The Craigflower Sesquicentenary

The Craigflower Sesquicentenary

Craigflower Manor and Schoolhouse 2008

The story of Victoria’s Craigflower Manor is of major significance to the Canada we know today as a diverse nation stretching between the Atlantic, Arctic, and Pacific oceans. Built in 1853 and the last remaining example of a Hudson’s Bay Company agricultural settlement, Craigflower is a classic illustration of how colonial Britain ensured that territories such as Vancouver Island would remain British possessions as people settled in the New World. And so the island did until 1871, when the Crown Colony of British Columbia became a province within the new Dominion of Canada.

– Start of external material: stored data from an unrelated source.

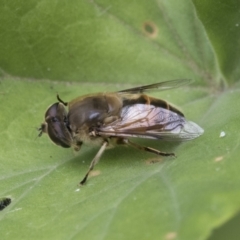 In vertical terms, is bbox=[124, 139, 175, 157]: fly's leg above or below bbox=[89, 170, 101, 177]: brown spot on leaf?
below

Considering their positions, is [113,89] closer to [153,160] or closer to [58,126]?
[58,126]

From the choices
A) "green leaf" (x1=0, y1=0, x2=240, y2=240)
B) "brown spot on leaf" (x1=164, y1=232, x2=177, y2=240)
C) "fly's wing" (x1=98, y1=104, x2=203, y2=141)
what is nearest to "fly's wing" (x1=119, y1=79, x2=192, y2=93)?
"green leaf" (x1=0, y1=0, x2=240, y2=240)

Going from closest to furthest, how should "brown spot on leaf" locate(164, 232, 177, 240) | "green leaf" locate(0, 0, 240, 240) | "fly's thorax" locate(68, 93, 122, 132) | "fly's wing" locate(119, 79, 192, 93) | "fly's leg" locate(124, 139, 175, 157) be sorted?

Craigflower Manor celebrated its 150th anniversary in 2006. This Community Memories exhibition commemorates the event by tracing its history from the millennia long before contact between the First Nations peoples and the Europeans right up until today. It explores how in the 1850s the Puget’s Sound Agricultural Company, an offshoot of the Hudson’s Bay Company, settled Scottish farmers and set up a village in the area and how, by the late 19th and early 20th centuries, tenant farmers were leasing the land. The exhibition then follows the site as it became a Hudson’s Bay Company clubhouse, a camp for poor girls during the Great Depression, a motel, a drive-in restaurant, and a private residence. It explains how the manor was restored in the late 1960s and established as a national historic site and concludes with the milestone sesquicentennial year of 2006. Craigflower, today under the stewardship of The Land Conservancy of British Columbia, stands stalwart as a legacy to current and future generations of Canadians.